The near-real time speed of the platform compares with the traditional manual, often paper-based, process that can involve many separate steps, including share registries, sub-custodian, global custodian and the investor’s designated voting agent. The platform recorded vote transmission times of as low as 27.5 seconds for European investors that voted via the ISS ProxyExchange Platform.
In addition, the Proxymity Platform provides the capability for a company to see detail on the beneficial owner of the shares voted rather than just the custodian. This is a significant enhancement to the voting process, enabling companies to see which investors voted their shares.
Citi and Computershare found that institutions that used the Proxymity Platform for voting benefited from three or more additional days to research AGMs, determine their intentions and cast their votes when compared to the existing process.

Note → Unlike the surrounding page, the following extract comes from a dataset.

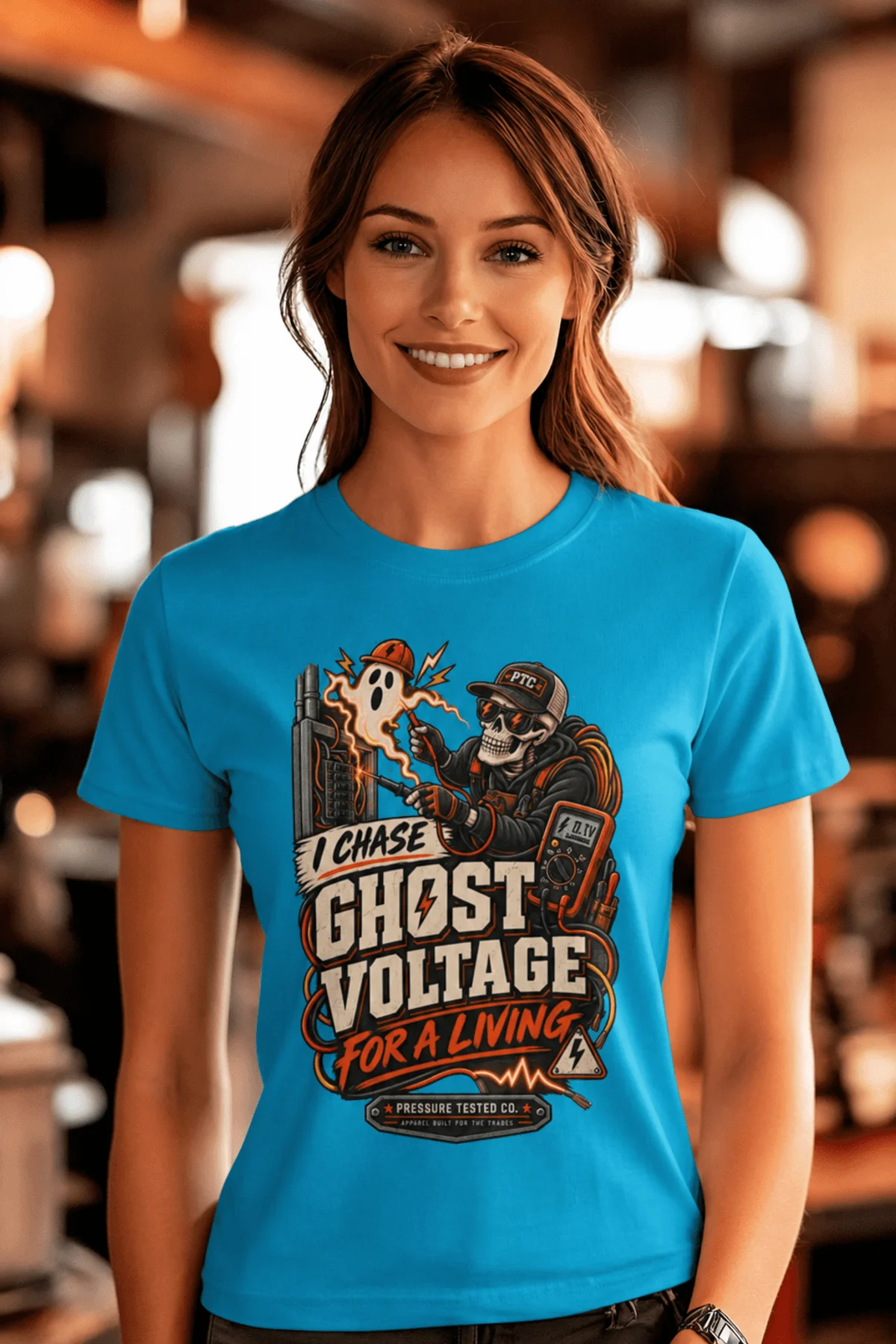 Ghost Voltage T-Shirt — 'I Chase Ghost Voltage for a Living' Vintage Electrician Tee — sapphire t-shirt, model photo | Pressure Tested Co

Ian Matheson, CEO of the Australasian Investor Relations Association (AIRA), said in a statement: “Shareholder voting is a crucial pillar of the governance process and one where speed and accuracy are paramount. Proxymity has the potential to remove many of the processing pain-points traditionally experienced around AGMs, and will bring greater transparency and efficiency to how companies interact with their institutional holders and vice versa.”
Citi completed pilots in Belgium and The Netherlands in 2019, which form part of Proxymity’s strategic rollout of the platform in EU markets impacted by the SDR II regulations once they are enforced later this year.